§ REQUIREMENT
In your copy of the data, include no pictures and alter nothing else.

(DATA SHOWN Opens)

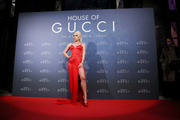Lady+Gaga+House+Gucci+Italian+Premiere+Photocall+UlLLDN2o1e9x.jpg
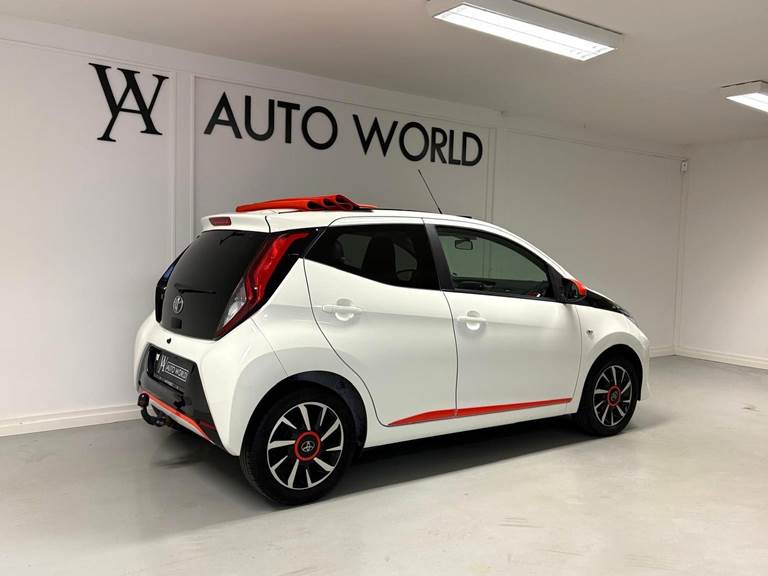 Toyota Aygo 1,0 VVT-i x-sky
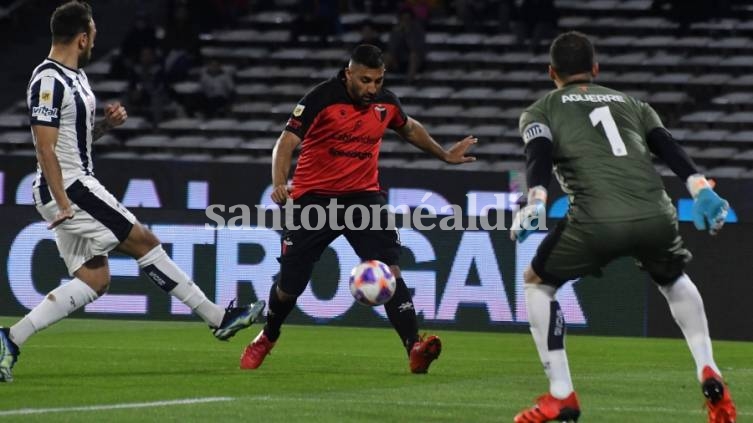 Colón volvió a perder, esta vez con Talleres en el Mario Kempes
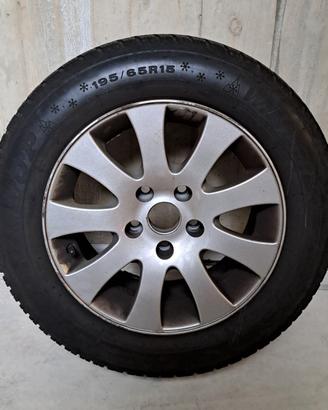 Set 4 Cerchi + Pneumatici invernali 195/65 R15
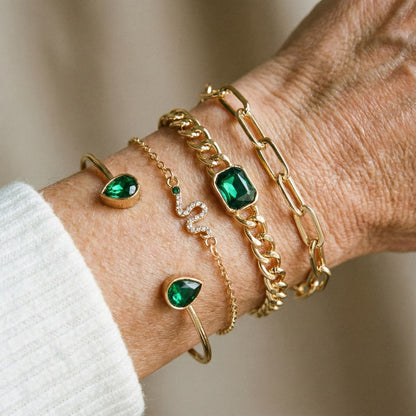 Pulsera con cristales verdes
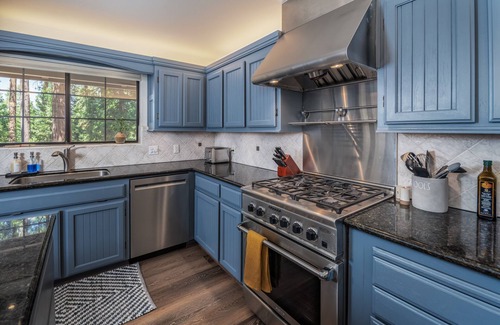 Glencoe House | Arnold Basecamp - New Listing - Steps from the Arnold Rim Trail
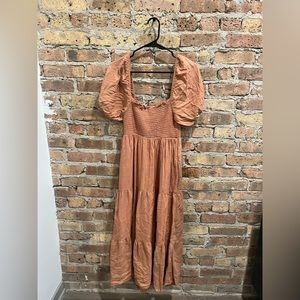 Coral Abercrombie maxi dress with puff sleeves, only wore once, size L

(DATA SHOWN Closes)

§ ANSWER
Lady+Gaga+House+Gucci+Italian+Premiere+Photocall+UlLLDN2o1e9x.jpg
 Toyota Aygo 1,0 VVT-i x-sky
 Colón volvió a perder, esta vez con Talleres en el Mario Kempes
 Set 4 Cerchi + Pneumatici invernali 195/65 R15
 Pulsera con cristales verdes
 Glencoe House | Arnold Basecamp - New Listing - Steps from the Arnold Rim Trail
 Coral Abercrombie maxi dress with puff sleeves, only wore once, size L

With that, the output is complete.